Dzieło uważa się za jedno z ostatnich w twórczości Klimta, powstałe niespełna rok przed jego śmiercią 6 lutego 1918 roku. Pozostawione w atelier artysty, trafiło najprawdopodobniej w ręce rodziny, która zamówiła portret. Po raz ostatni udało się je sfotografować w 1925 roku, natomiast jego późniejsze losy nie są do końca znane. Prawdopodobnie początkowo znajdowało się w posiadaniu rodziny Lieserów, natomiast w latach 60. ubiegłego wieku zostało zakupione przez anonimowego kolekcjonera z Austrii. Jego spadkobiercy zdecydowali się na sprzedaż Portretu panny Lieser, którego wartość szacuje się na 54 miliony dolarów.
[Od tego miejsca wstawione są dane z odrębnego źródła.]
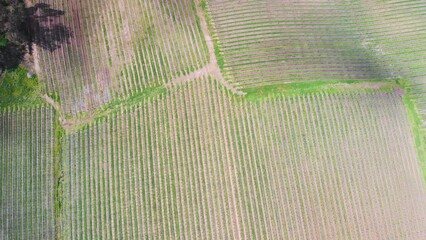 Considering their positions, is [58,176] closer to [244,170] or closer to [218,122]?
[218,122]

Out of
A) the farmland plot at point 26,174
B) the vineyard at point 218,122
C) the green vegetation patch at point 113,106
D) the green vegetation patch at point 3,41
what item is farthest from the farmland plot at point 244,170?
the green vegetation patch at point 3,41

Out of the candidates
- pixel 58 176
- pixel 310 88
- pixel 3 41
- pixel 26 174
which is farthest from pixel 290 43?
pixel 3 41

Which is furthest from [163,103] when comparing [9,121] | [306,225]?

Zaginiony oznacza niedostępny
Znalezienie portretu po tak długim czasie uznaje się za odkrycie sensacyjne – Od dziesięcioleci dzieło tak rzadkie i o takim znaczeniu artystycznym nie było dostępne na rynku dzieł sztuki w Europie Centralnej – przyznają przedstawiciele domu aukcyjnego im Kinsky – Portrety kobiet autorstwa Klimta nie pojawiają się na aukcjach często, a w samej Austrii nie mieliśmy dotychczas do czynienia z dziełem choćby zbliżonym rangą do tego – dodają.
Licytacja odbędzie się 24 kwietnia. Przedtem jednak obraz zostanie zaprezentowany między innymi w Szwajcarii, Niemczech, Hongkongu i Wielkiej Brytanii.
Cytowany przez BBC, współzarządzający domem aukcyjnym Ernst Ploil, podkreśla, że dotychczas nie znaleziono dowodów na to, jakoby obraz został skradziony przed lub w trakcie drugiej wojny światowej – W dostępnych katalogach opisuje się portret jako zaginiony. W naszych kręgach zaginiony oznacza prawdopodobnie zniszczony lub spalony wskutek działań wojennych. Innymi słowy, po prostu niedostępny. Nie spodziewano się, że obraz jeszcze kiedykolwiek ujrzy światło dzienne – przyznaje.